Could I say no? Could I deny everything? Could I laugh and ask how anyone could think a man like Michael Greydon would knot up the sheets with Laine Cartwright?

“Maybe,” I replied, unable to hide my hostility.

“May I speak with you?” She pointed at a chair as if she was the one who had fallen in love in that room a few hours earlier.

I realized she was going to tell me about the pictures. She was going to say Michael had bought them. She was going to ask my age and about Jake and why I’d been a fuckdoll when I was fifteen. I didn’t want to answer any of it. I didn’t want to hear a bad word about Michael, and I didn’t want that room tainted with those years. I wanted that space, that bed, the air, and all of it to only hold love.

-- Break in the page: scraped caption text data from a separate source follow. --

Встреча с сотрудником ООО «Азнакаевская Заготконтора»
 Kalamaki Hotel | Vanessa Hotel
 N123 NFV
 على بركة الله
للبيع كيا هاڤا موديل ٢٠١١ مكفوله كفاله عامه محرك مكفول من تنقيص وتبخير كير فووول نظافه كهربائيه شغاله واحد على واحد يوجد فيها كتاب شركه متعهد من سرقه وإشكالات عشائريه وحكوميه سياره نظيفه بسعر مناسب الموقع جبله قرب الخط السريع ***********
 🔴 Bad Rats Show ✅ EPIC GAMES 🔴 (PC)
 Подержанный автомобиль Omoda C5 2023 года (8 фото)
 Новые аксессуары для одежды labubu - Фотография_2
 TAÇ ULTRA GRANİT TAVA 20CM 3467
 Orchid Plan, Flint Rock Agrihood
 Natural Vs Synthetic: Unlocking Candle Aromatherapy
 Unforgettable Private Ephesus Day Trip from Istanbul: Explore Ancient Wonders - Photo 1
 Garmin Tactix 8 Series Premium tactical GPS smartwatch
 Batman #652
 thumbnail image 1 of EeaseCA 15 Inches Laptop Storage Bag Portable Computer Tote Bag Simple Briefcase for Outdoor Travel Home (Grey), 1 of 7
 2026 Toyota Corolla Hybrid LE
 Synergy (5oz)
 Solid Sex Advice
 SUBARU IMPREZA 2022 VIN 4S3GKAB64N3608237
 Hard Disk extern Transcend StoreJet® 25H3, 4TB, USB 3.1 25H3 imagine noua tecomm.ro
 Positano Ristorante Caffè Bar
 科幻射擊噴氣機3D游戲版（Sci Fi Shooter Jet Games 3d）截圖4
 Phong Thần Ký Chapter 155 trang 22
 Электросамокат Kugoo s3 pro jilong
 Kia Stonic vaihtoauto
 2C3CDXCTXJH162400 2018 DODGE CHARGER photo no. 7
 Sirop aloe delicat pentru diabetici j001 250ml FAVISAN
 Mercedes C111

“No,” I said. “If you want to talk to me about the pictures, you have to take me to First Street. I want all of it recorded, because I’m not repeating it.”

She nodded as if the request wasn’t unusual.

“And I’d like to call my lawyer.”

“You’re not being accused of anything,” she said. “But of course, that’s fine. Would you like to call a friend to come with you?”

I hadn’t expected that. I figured I’d go alone to the precinct like a criminal, get questioned in a cold, hard room, and take a cab back to my empty loft. But I did want someone to go with me. I wanted to lean on another human being for strength and comfort, and I wanted it to be Michael. I pressed my lips between my teeth, holding back the choke and blubber that gathered in my throat. He was the last person I could ask for, and he was all I wanted.

Who would a normal person ask for? Their mother. I barely remembered mine. I’d visited her twice in a grey room with aluminum folding chairs and a card table. She’d tried to squeeze all of life’s lessons into half an hour, and I remembered none of them. Stay out of trouble. Value yourself. Don’t let a man run you. Blah blah blah. Goddamn her. What useless high-handed crap it all was.

My mother was supposed to teach me to do something, cook, get an apartment, go on interviews, balance a checkbook. But Irving had taught me how to do that, and how to pay quarterly taxes, calculate focal length, go on an interview. He’d cosigned my first checking account, helped with the deposit on the apartment I got after I left Jake, gave me a trade I could use to support myself.

“I do,” I said. “I do have a friend I want to bring.”